Joab wurde tatsächlich von Gott gebraucht, teils auf dramatische Art und Weise. Durch seine Tapferkeit wurde die kanaanitische Festung Zion zur „Stadt Davids“ (1Chr 11,7), einem Ort, den die späteren Propheten – wie auch das Neue Testament – als Bild von Gottes ewig geliebtem Volk verwenden würden (vgl. bspw. Jes 2,1–5 oder Hebr 12,22). Man kann Joab zwar nicht wirklich als „fromm“ beschreiben, aber mindestens einmal ermutigte er seine Mitstreiter vor einem harten Kampf mit folgenden Worten: „Sei stark, ja, lass uns stark sein für unser Volk und für die Städte unseres Gottes; der Herr aber tue, was ihm gefällt!“ (2Sam 10,12). Wurde Gott durch den Sieg, den Joab danach erringen konnte, nicht verherrlicht?!

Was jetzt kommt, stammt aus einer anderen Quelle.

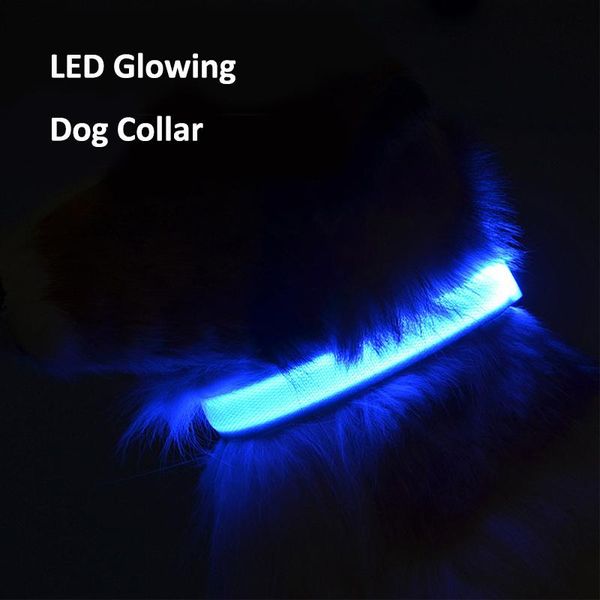 

dog collars & leashes led glowing collar nylon usb charging and battery types avoid car accident flash in dark anti-lost for pet puppy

Joabs Charakter war nicht in jeder Hinsicht verdorben. Seine Loyalität gegenüber David führte ihn zwar manchmal dazu, Unrecht zu tun, aber die Treue war echt: Er liebte seinen König und tat fast immer, was (jedenfalls seiner Meinung nach) zu Davids Bestem diente, auch wenn dies den Wünschen des Königs nicht entsprach. Joab versuchte, David von seiner geplanten Volkszählung abzuraten (vgl. 2Sam 24,3). Laut 1. Chronik 21,6 führte er diese auch nicht vollständig durch, weil der Plan für ihn so problematisch war.
Manchmal war Joab vernünftiger als David: Als dieser laut und öffentlich Absaloms Tod beklagte, der zuvor das ganze Volk durch seine Rebellion in große Unruhe gebracht hatte, wies Joab ihn zurecht. Einen Tag des Sieges und der Rettung sollte David nicht zu einem Anlass der Trauer und Beschämung machen (vgl. 2Sam 19,1–9). Man könnte sogar argumentieren, dass Joab recht hatte, den rebellischen Kronprinzen trotz Davids Wunsch zu töten (vgl. 2Sam 18,5). Er hatte durch seinen Putsch schließlich den Tod eines Hochverräters verdient. Wer weiß, welche Folgen es für das bereits destabilisierte Königreich gehabt hätte, hätte man Absalom noch eine Chance gegeben? David und das ganze Volk Gottes hatten Joab wirklich viel zu verdanken.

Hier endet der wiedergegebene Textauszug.